Print out the data exactly, keeping every image out of it.

▶ _SUPPLIED INFORMATION_
········

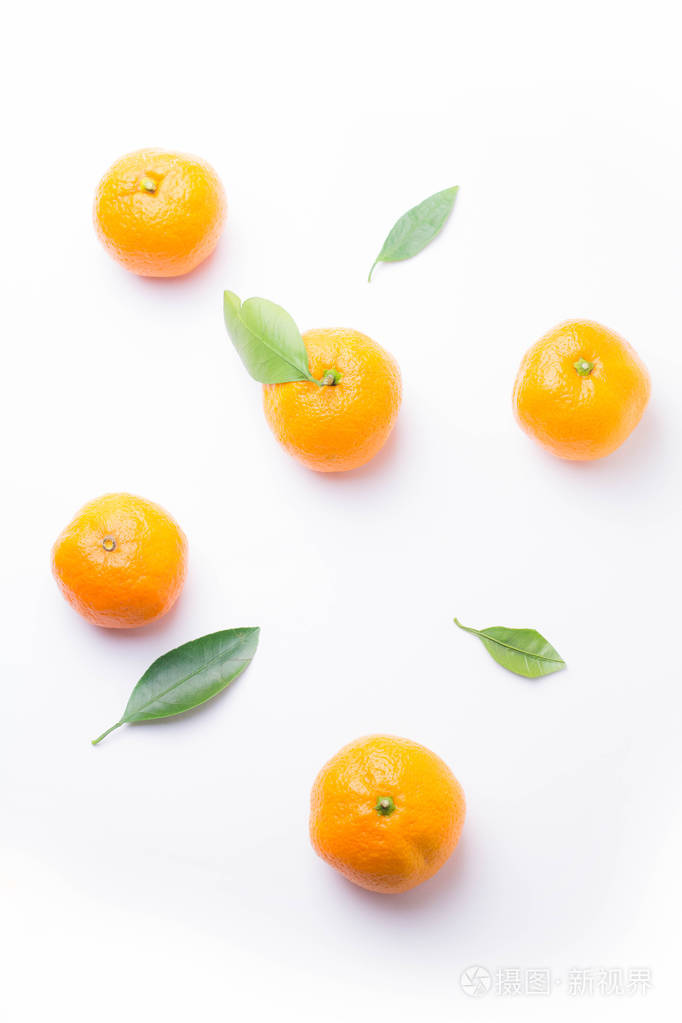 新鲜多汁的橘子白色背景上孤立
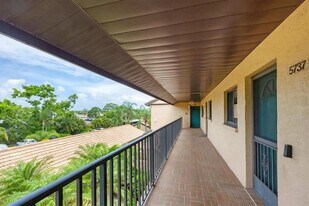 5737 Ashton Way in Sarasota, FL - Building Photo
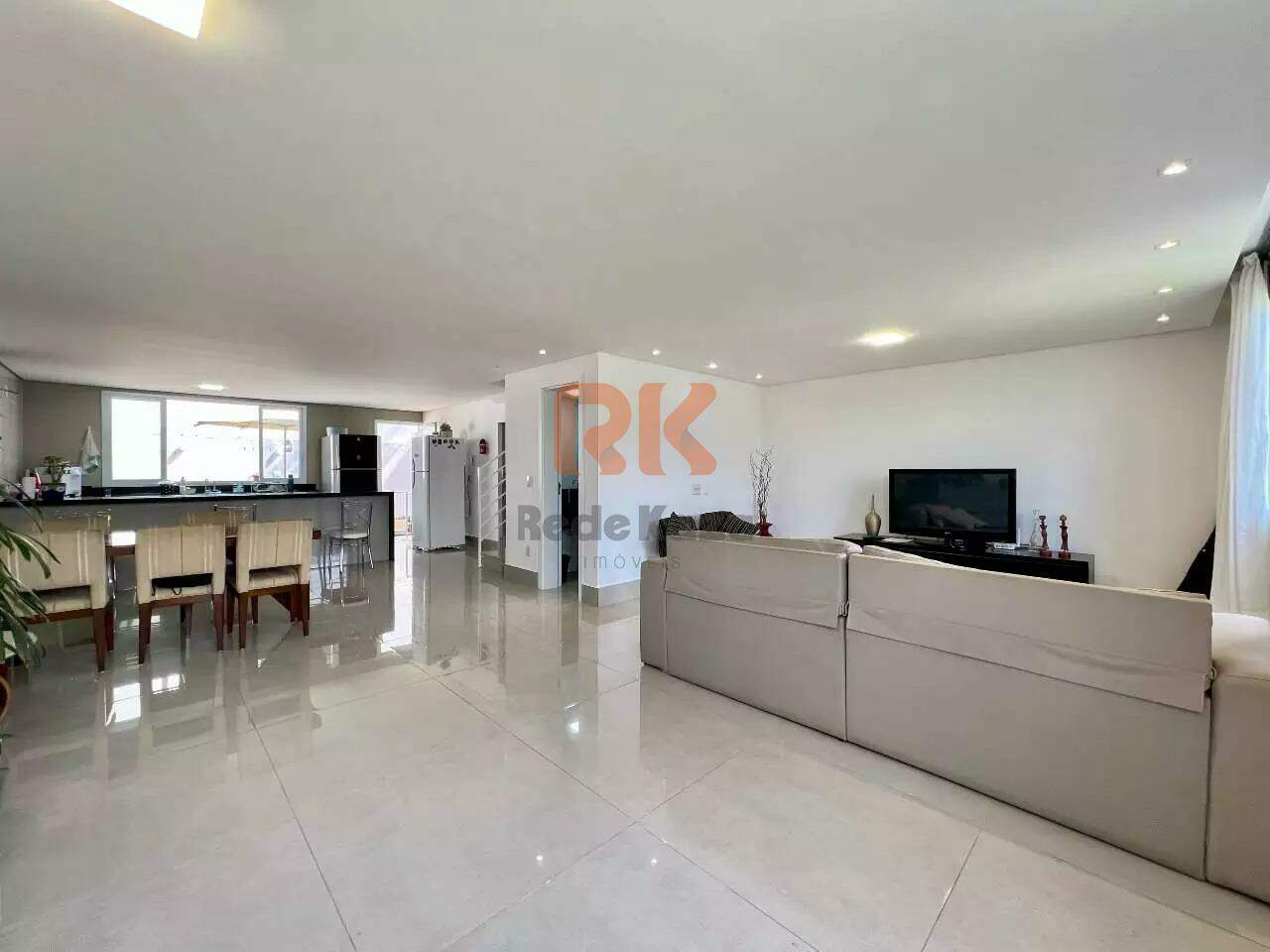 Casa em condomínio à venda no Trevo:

········

▶ _SOLUTION BELOW_
 新鲜多汁的橘子白色背景上孤立
 5737 Ashton Way in Sarasota, FL - Building Photo
 Casa em condomínio à venda no Trevo:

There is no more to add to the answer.